Predictive Analytics is different to traditional data analysis techniques (sometimes termed 'Business Intellience') because it is generally used to forecast future states and events, rather than describe historic performance. It also uses far more sophisticated statistical/mathematical techniques, and requires a unique skillset combination of both maths and computer proficiency.

Predictive Analytics is Model Based

In practice, Predictive Analytics usually begins with the identification of a model developed from the underlying data. Once the model has been tested across larger datasets, it can be used to predict future events given predetermined inputs. In contrast, Business Intelligence uses basic summarisation and aggregation techniques to describe historic data, and generally stops at that point with reporting that simply describe the historic data in a summarised way. In the real world however, the two approaches exhibit some overlap. As an exmple, it is possible to use sumarisation to predict future states, and application of predictive models can be used to explain past performance, though neither of these are the focus of their respective disciplines. Typical examples of the application of Predictive Modelling include the development of models describing customer churn (defection rates and drivers), credit default risks, and customer segmentation based on behavioural criteria.

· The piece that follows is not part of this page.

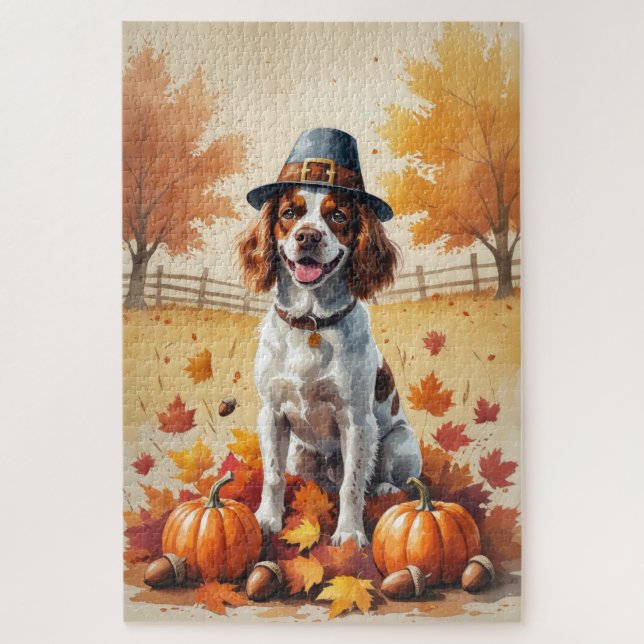 Puzzle Épagneul Breton Dans Feuilles D'automne Art De Tha (Vertical)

Utilises sophisticated statistical algorithms

As mentioned previously, a key difference between Predictive Analytics and traditional Business Intelligence is the sophistication of the techniques used to process data. Business Intelligence uses simple summation, averages amd (infrequently) variances. Predictive Analystics uses techniques from the realm of mathematics and statistics, such as clustering (k-means etc.), principal component analysis, regression (linear and non-linear), decision trees,  machine learning, optimisation and time series forecasting. Rather than producing a single output in the form of data summaries or totals, Predictive Analytics often produces a model that is then used to forecast future states. Broadly, the most common use of these models when applied against past data is model verification, rather than reporting.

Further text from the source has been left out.